EP’s chief spokesman Jaume told a press conference on last Friday that, “our campaign has been very different from before. It has been an unprecedented effort to raise awareness in the election among the media and public and to urge people to vote.

“Polls show a majority of citizens think the EU is a good thing, but the challenge now is to persuade them to cast their vote, especially the young. People need to know that their votes do matter,” he said.

EP’s promotional film on the elections, he said, has now been seen by 130 million people, describing the campaign as “unprecedented for any institution in Europe.” Duch also noted that Parliament had hosted a “lively and useful debate” of candidates seeking the European Commission presidency last Wednesday.

Six candidates from the major European political families held the final debate in Brussels on May 15 explaining their positions on issues of major concern in Europe such as immigration, climate change, security and economic growth.

He said there is a huge media interest in next week’s election and so far, 1,200 journalists have registered, double the number that covered the 2014 elections.

After the elections, and taking into account the results, EU leaders will propose a candidate for President of the European Commission. It will then be up to MEPs to elect the next European Commission President and approve the whole Commission; EU’s executive body.
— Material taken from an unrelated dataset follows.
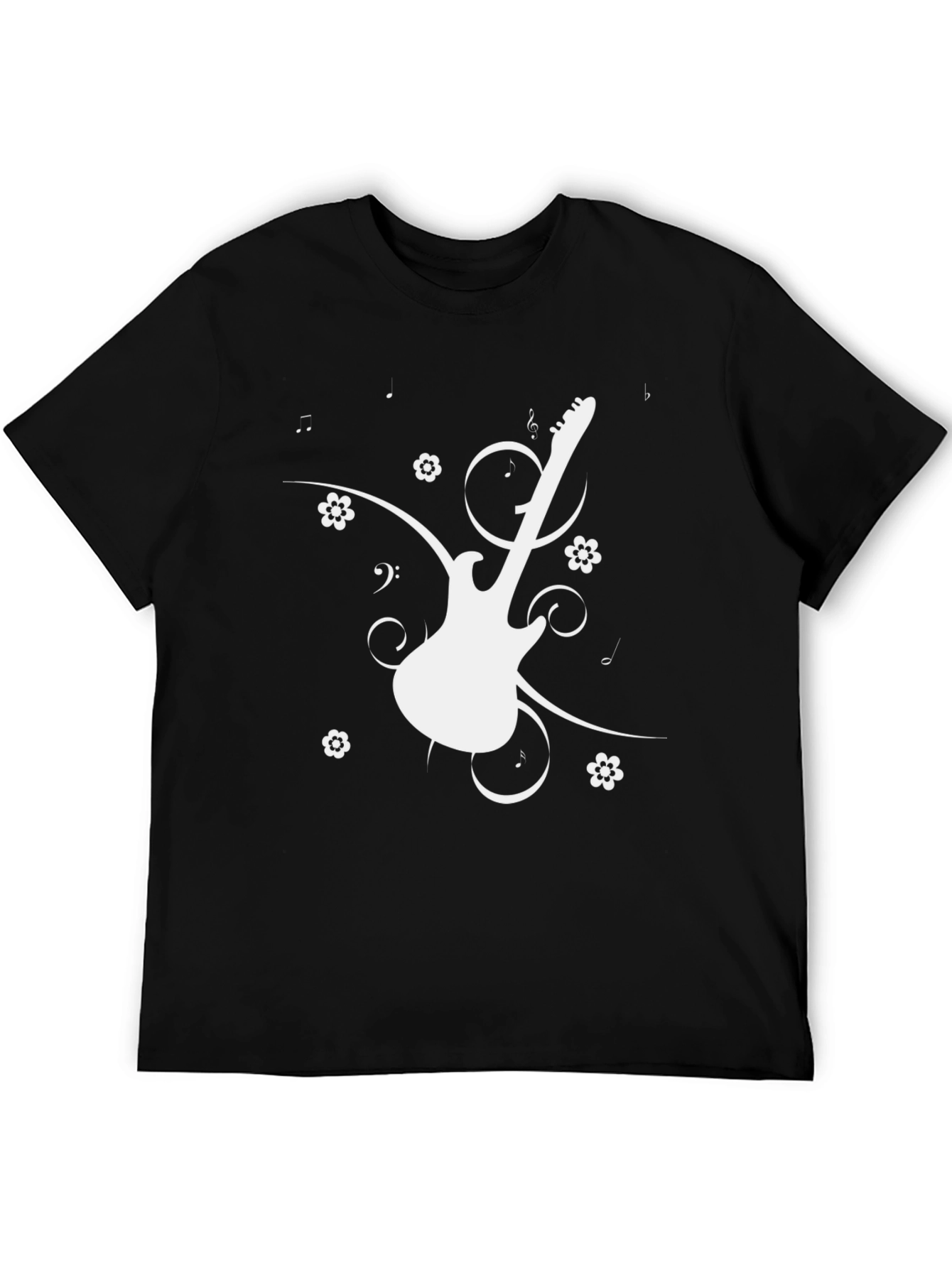 Guitar Graphic Tee - Black Cotton Casual T-Shirt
The new EP will vote on the new Commission president in July.

EP President Antonio Tajani in his message to the voters said “we have to change Europe and make it more effective by answering citizens’ concerns and building upon what we have already achieved.” Analysts point out that turnout for EP elections is low, and hence it is easier for far-right and far-left populist parties to focus their campaigns on voters favoring extremist parties.

Close to 43 percent of Europeans believe that the rise of populist parties threatens the functioning of the EU, according to a recent YouGov survey.

The survey predicted that the two big political groups in the EP, the centre-right European People’s Party (EPP) and the Socialists (S and D), will lose seats for the first time. However, the EPP would remain the largest single group followed by the S and D, it pointed out.